Segundo o presidente de uma associação de bairro do Campo Comprido, Wagner Xavier, o desejo de uma moradia acabou levando os invasores até o local. ''Há muito tempo as pessoas reclamavam nas reuniões da associação que não tinham dinheiro para pagar aluguel, que estavam em locais insalubres, que ganham pouco, que não tinham espaço para cuidar dos filhos. A área que foi ocupada nunca foi habitada, está abandonada há anos, é improdutiva. Está largada desde que o mundo é mundo.''
A integrante do Movimento Nacional de Luta pela Moradia, Luzia Stubert, foi chamada após o ínicio da ocupação para auxiliar os invasores. ''Eles foram entrando aqui aos pouquinhos. No sábado, eles resolveram pedir ajuda do movimento. São pessoas que não têm local para morar. Um foi falando para o outro e todos vieram para cá. É tudo gente simples'', disse ela. Luzia reclama que o dono da área nunca apareceu. Ela nem sabe quem é.

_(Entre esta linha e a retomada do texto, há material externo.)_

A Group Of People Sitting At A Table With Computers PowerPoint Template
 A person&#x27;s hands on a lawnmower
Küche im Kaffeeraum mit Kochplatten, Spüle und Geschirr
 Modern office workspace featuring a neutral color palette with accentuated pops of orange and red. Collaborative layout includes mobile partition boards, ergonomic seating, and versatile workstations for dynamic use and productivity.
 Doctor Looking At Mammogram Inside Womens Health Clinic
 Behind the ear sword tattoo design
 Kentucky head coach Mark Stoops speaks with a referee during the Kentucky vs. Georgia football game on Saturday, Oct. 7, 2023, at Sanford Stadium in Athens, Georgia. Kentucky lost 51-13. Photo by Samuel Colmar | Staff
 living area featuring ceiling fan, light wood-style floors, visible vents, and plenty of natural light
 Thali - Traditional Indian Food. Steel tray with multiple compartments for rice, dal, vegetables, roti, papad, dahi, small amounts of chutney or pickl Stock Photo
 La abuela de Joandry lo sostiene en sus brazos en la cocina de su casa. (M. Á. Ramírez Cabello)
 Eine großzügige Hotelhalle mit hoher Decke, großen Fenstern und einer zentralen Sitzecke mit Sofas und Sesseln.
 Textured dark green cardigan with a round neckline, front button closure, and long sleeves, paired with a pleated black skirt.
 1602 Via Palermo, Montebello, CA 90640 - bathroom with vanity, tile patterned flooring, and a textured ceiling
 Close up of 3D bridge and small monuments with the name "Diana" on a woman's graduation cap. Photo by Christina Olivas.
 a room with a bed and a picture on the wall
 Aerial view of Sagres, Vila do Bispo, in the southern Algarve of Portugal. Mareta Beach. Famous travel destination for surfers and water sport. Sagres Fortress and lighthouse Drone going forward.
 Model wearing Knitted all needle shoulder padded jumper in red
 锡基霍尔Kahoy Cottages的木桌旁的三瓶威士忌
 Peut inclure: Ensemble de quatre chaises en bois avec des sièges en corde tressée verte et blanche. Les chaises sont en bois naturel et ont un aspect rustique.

O advogado da empresa Triunfaz, proprietária do terreno, Luiz Fernando Dietrich, entrou ontem com um pedido de reintegração de posse da área. Ele já havia conseguido um mandado de manutenção de posse - que não foi aceito pela Polícia Militar (PM) porque a área já estava invadida. ''Essa área nunca foi invadida antes. Vamos fazer lá um grande loteamento. Só não saiu ainda porque precisamos das licenças ambientais'', disse ele. Dietrich acusa políticos de estarem incentivando as invasões em Curitiba. ''Se você for lá, vai perceber que a maioria está com carros. Eles chegam lá e dizem que estão cansados de pagar aluguel e querem ter casa própria. Estão destruindo as áreas de preservação ambiental. Queimando tudo. Retirando as árvores'', acusou ele.
Essa não é a primeira área de invasão em Curitiba. Durante o Carnaval, três terrenos no bairro Santa Quitéria foram invadidos por 900 pessoas. Dois de construtoras falidas e um da Copel - por onde passa linhas de alta tensão. O Departamento de Fiscalização da Secretaria Municipal de Urbanismo informou que os bairros mais visados para invasão são Santa Quitéria, Fazendinha, Novo Mundo e Capão Raso. A orientação da Prefeitura de Curitiba é que o interessado entre na fila da Companhia de Urbanização de Curitiba (Cohab), que atende prioritariamente famílias com renda de até três salários mínimos.
De acordo com a prefeitura, foram regularizadas 28 vilas que beneficiaram 1,6 mil famílias na gestão Beto Richa (PSDB).